“Als we de media zo moeten geloven, lijkt het bijna alsof de fontein van de eeuwige jeugd gevonden is”, verzucht Frits de Lange. Zo ver is het nog niet, maar we komen in de buurt. Afgelopen week werd bekend dat wetenschappers erin geslaagd zijn het leven van muizen en wormen met de helft te verlengen. Volgende stap: mensen. Maar willen we dat wel? Twee hoogleraren werpen een ethische blik op de zaak. Vandaag deel 1: Moeten we wel knutselen aan de menselijke genen?
Frits de Lange, theoloog en hoogleraar ethiek, en Peter Derkx, hoogleraar humanisme en levensbeschouwing, zien het nog niet zo'n vaart lopen. Derkx: “Dat het bij een muis kan, betekent niet dat het bij een mens ook gaat lukken. Het is niet onwaarschijnlijk dat het bij een mens stukken ingewikkelder is om het leven te verlengen.”

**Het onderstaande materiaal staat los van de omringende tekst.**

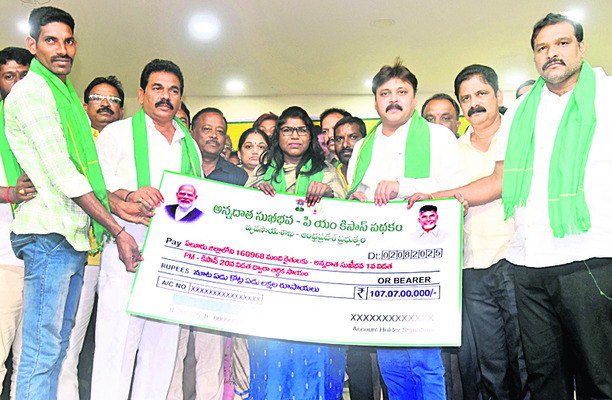 విద్యారంగాన్ని తుంగలో తొక్కుతున్న ప్రభుత్వం 
1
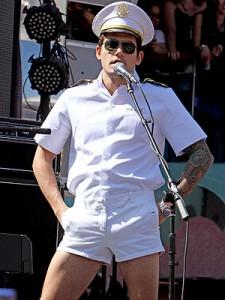john-mayer-capitaine-sexy-L-1.jpeg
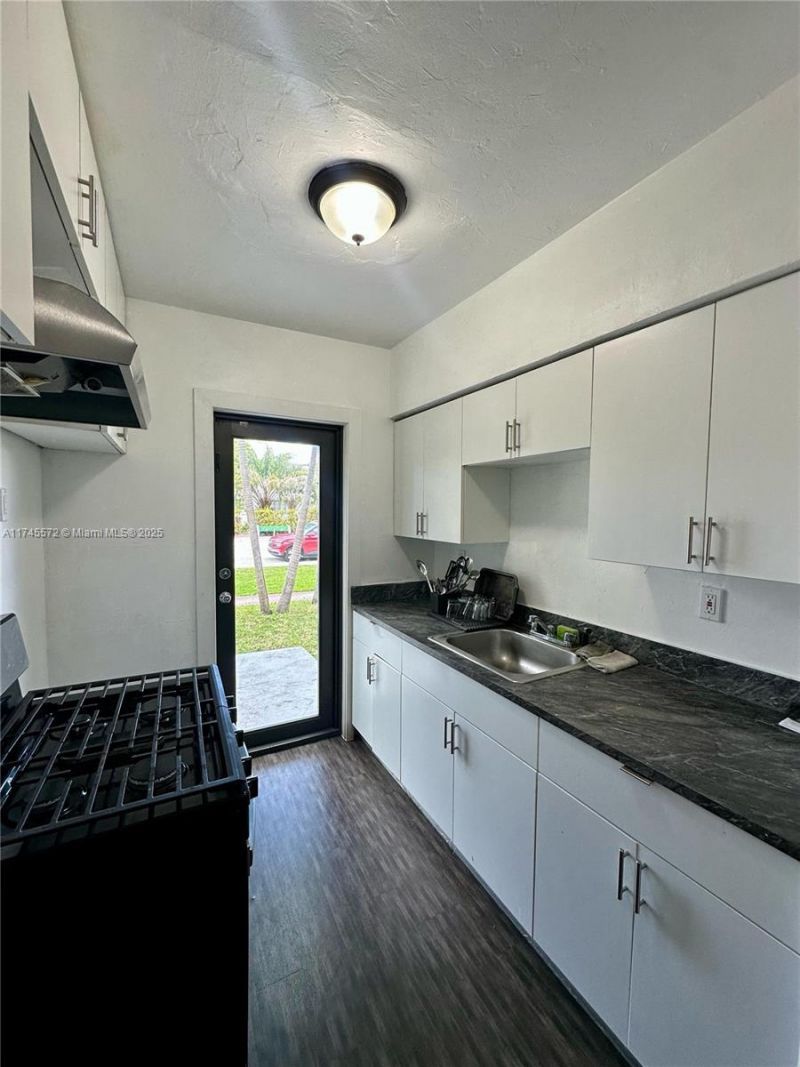 7035 Rue Granville, Miami Beach, FL 33141 Photo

Maar toch, het lijkt erop dat de wetenschap steeds dichter bij de steen der wijzen komt. Dus stel dat we over een aantal jaren de mogelijkheid hebben om 150 te worden, moeten we dat dan überhaupt wel willen? Overbevolking, een eeuwigheid werken en een hoger zelfmoordcijfer zijn zomaar een paar bezwaren tegen een verdubbeling in levensjaren.